But now that I’m back (and writing about something important), I’ve started getting emails with subject lines like “Well young lady…” and tweets that read simply “white and privileged.”
Am I white and privileged? Absolutely. Do I acknowledge this and work to educate myself and others about how this privilege works (and endows those of us who benefit from it with moral imperative to fight against it)? Absolutely. To the eternal chagrin, I might add, of my more ignorant anthropology students, but college (and ethnography in particular) isn’t supposed to make you feel comfortable.
Like I said though: it’s been a while. And between the trolls and my new MacBook Pro, I had a meltdown this morning.
It wasn’t really about the trolls of course, or my guilt over having allowed my husband to buy me a $1,500 computer from a company that funnels billions through off shore accounts to avoid paying taxes, that uses children to mine the materials required for its phones, that had to install suicide-prevention nets outside of its factory windows and that perpetuates, perhaps more than any other company, the belief that your life will somehow be incomplete without its latest product so you’d better go out and wait in line for six hours to buy it…
It was not knowing how to pull back.
How do you stay abreast of what’s going on in the world without being depressed all the time?
How do you remain engaged once you’ve been “woke” without losing your mind?
How do you go back to not knowing?
How do you buy a freaking laptop without losing your mind over the ethics (or lack thereof) of doing so?
It’s my white privilege speaking now— I’ve had the ability to live in blissful ignorance for the better part of 31 years– but how do you stay angry, channel that anger for good, and keep it from consuming you?
I know that every activist in this history of the world has asked themselves these questions, and that I’ve only just dipped my toe in the waters at this point, but as my mom keeps telling me, there’s a reason why more people don’t bother to get involved in their communities, whatever those communities may be.
Why? Because it’s hard.
I was a freshman in high school the year that the phrase “hanging chads” entered the American consciousness. No on had ever even heard of a chad before the 2000 presidential race, which sent George W. Bush to the White House with a slim victory of 537 votes (out of almost 6 million cast).
I was taking a drama class with a group homeschoolers at the time, most of whom were Evangelical Christians.

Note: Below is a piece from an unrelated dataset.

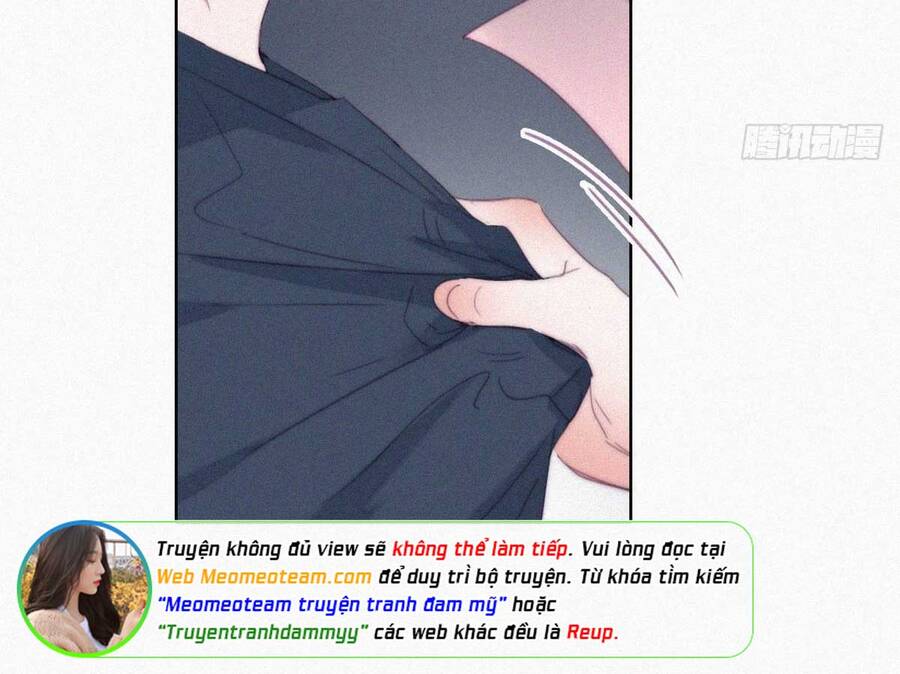 Nghịch Tập Chi Hảo Dựng Nhân Sinh Chapter 200 - Trang 2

I, for the record, was not nor have I ever been an Evangelical Christian, but the church (being the church) had one thing over the crunchy, granola eating type of homeschoolers: they were organized. And they offered some great extra curricular programs that gave me the chance to beef up my transcript while mingling with kids my own age.
Our instructor was a middle aged woman. Republican to the core, she used to begin each class with a prayer: Lord, let the recount in Florida lead your servant, George W. Bush to victory!
The recount went on for several weeks and my classmates prayed the same prayer every each time our class met. I, on the other hand, crossed my fingers behind my back when it came time to say “Amen.”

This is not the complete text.